In some areas, in fact, better than fine. C.J. Anderson led a rushing attack that found footing against the excellent Carolina front, going for 92 yards and a touchdown on 20 carries. On the Broncos' first scoring drive, Anderson followed rookie fullback Andy Janovich to the left side for 28 yards; moments later, Janovich matched the yardage with his own third-down scoring dash. As impressive as the big-yardage runs, though, were the smaller but consistently available chunks. Anderson and the Denver line had a seemingly telepathic connection, the latter wedging open a gap just as the former spotted it and jump-cut through for a gain of six.

Siemian, for his part, showed promise. His throws were zippy and usually accurate, and, in the most obvious contrast to Manning, he proved athletic enough to pick up yards with his feet when he didn't see something he liked. The inevitable mistakes—two picks, other passes that could or should have been—seemed to come less from panic than plain inexperience; Northwestern, where Siemian last started a game, doesn't tend to face defenders like Luke Kuechly and Thomas Davis.

As is always the case with the Broncos, though, things centered on the defense. The secondary closed Newton's passing lanes, most spectacularly with a fourth-quarter tip-and-diving-grab interception from Chris Harris Jr., and the pass rush founds its tempo in the second half and punished Newton the rest of the night. DeMarcus Ware and Von Miller sandwiched Newton for a third-quarter sack that left him with a gimpy leg, and the two each brought him down once more on the Panthers' last drive, keeping them from a closer field-goal attempt. In the hours after the game, when video reels were put together and Newton seemed forgetful during a press conference, the Broncos' unflagged hits to the Carolina QB's head became the story. However else these hits resonate—as just a couple more grains of information-sand in a damn big bucket concerning the dangers inherent to football—they also show how often Denver defenders were close enough to Newton to cause harm.

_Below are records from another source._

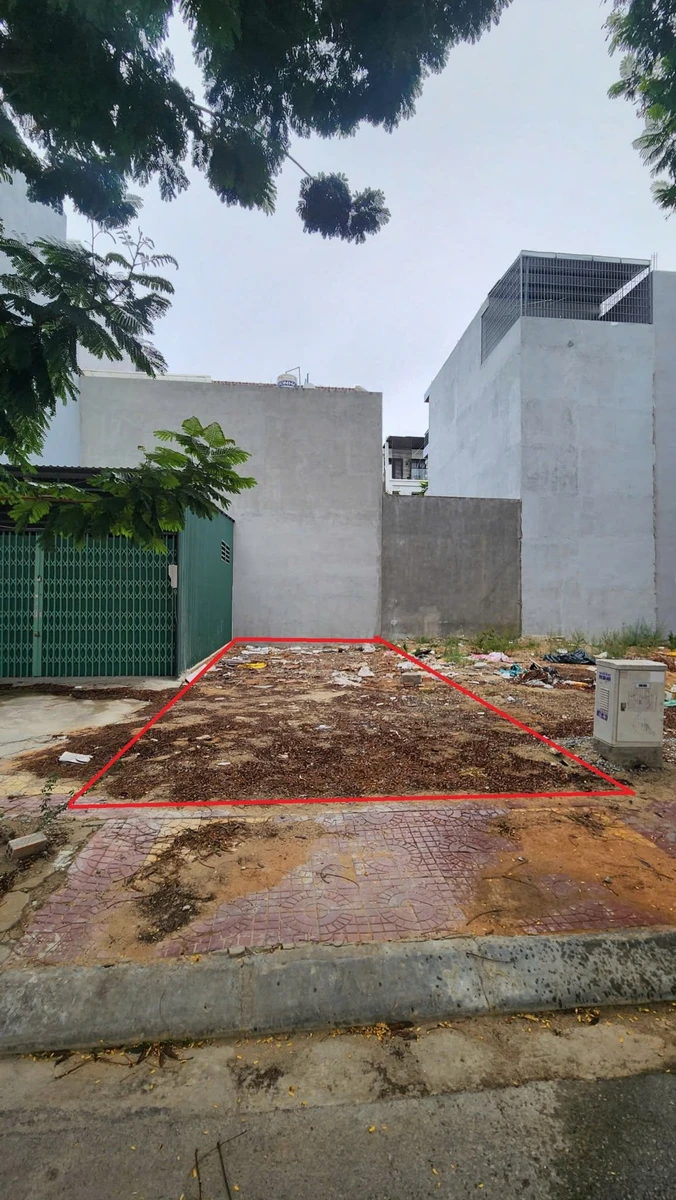 Bán đất K1 Phan Rang 58,75m2 gần trường học 2,38 tỷ - Ảnh thu nhỏ 3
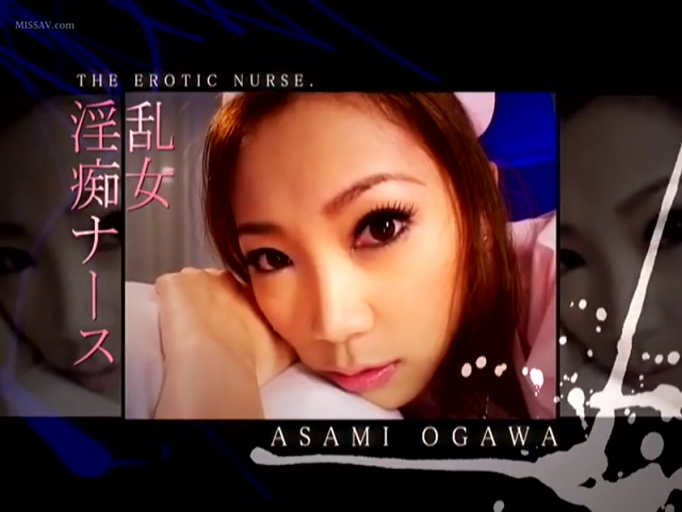 室内 · 眼妆特写 · 凝视 · 粉色护士装 · 视频标题覆盖物 · 护士帽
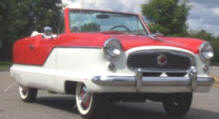 Nash Metropolitan Convertible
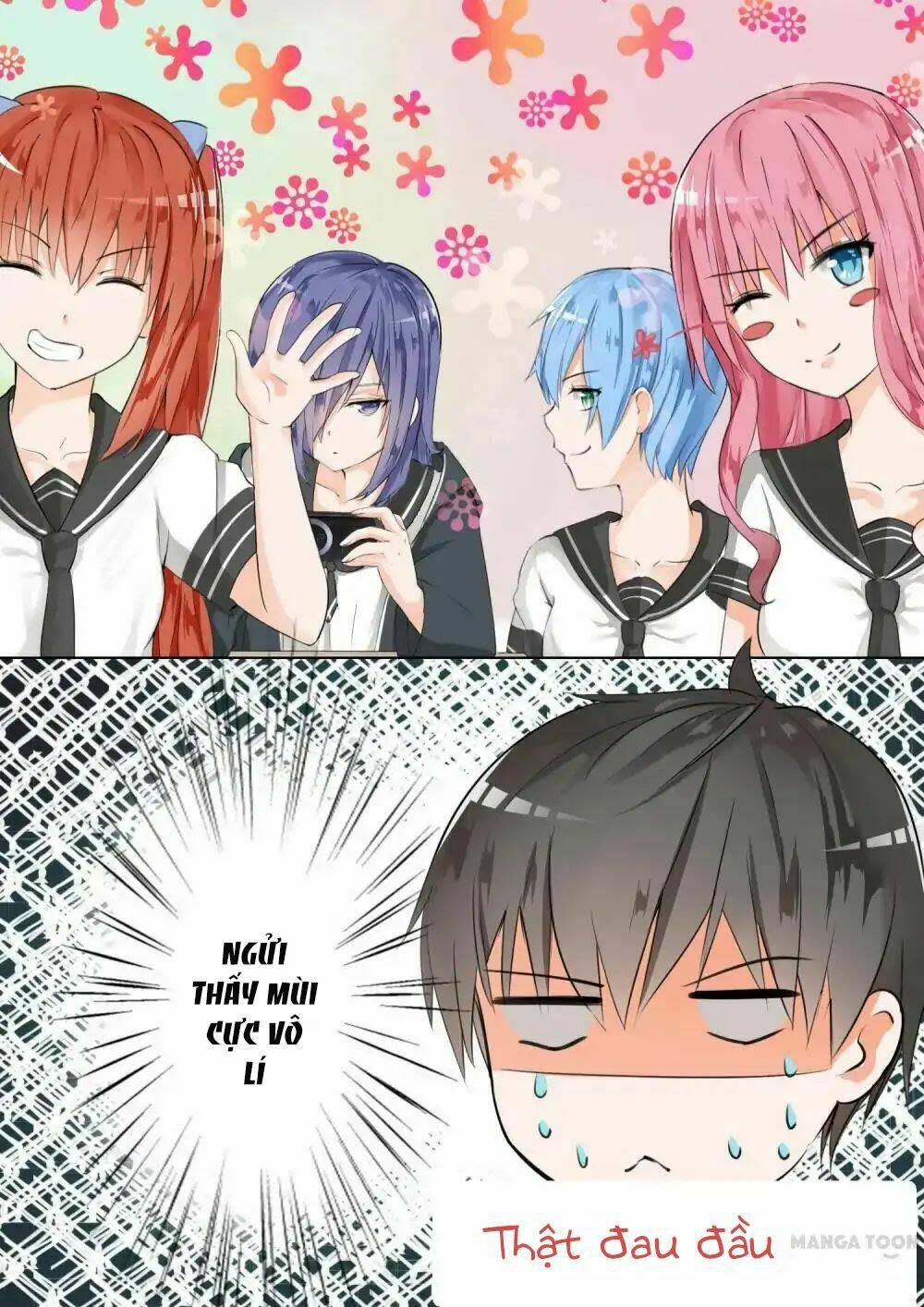 the boy in the all-girls school chapter 12 - Next chapter 13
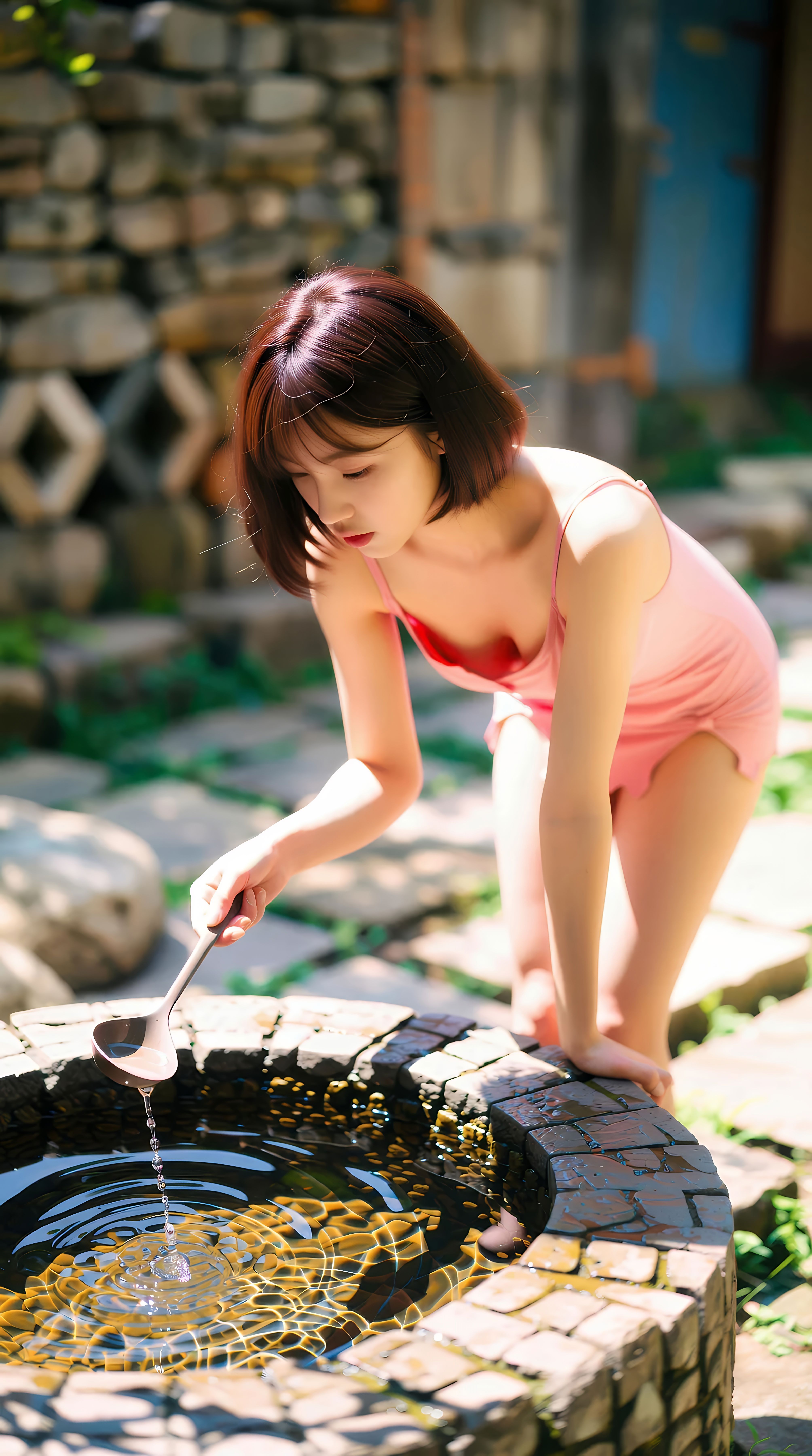 AiGirl No.001 小乔不乔/(97P)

In all, this year's Broncos look a lot like last year's. They run and hit; their inconsistent passing game now comes in the form of sometimes misguided darts instead of theoretically sound but loopy Manning lobs. They'll keep bucking the trend of big aerial yardage and, by the looks of it, hanging in with the big-yardage teams. An offseason that at times appeared orchestrated for a fall-off hasn't seemed to produce one. The champs are still here.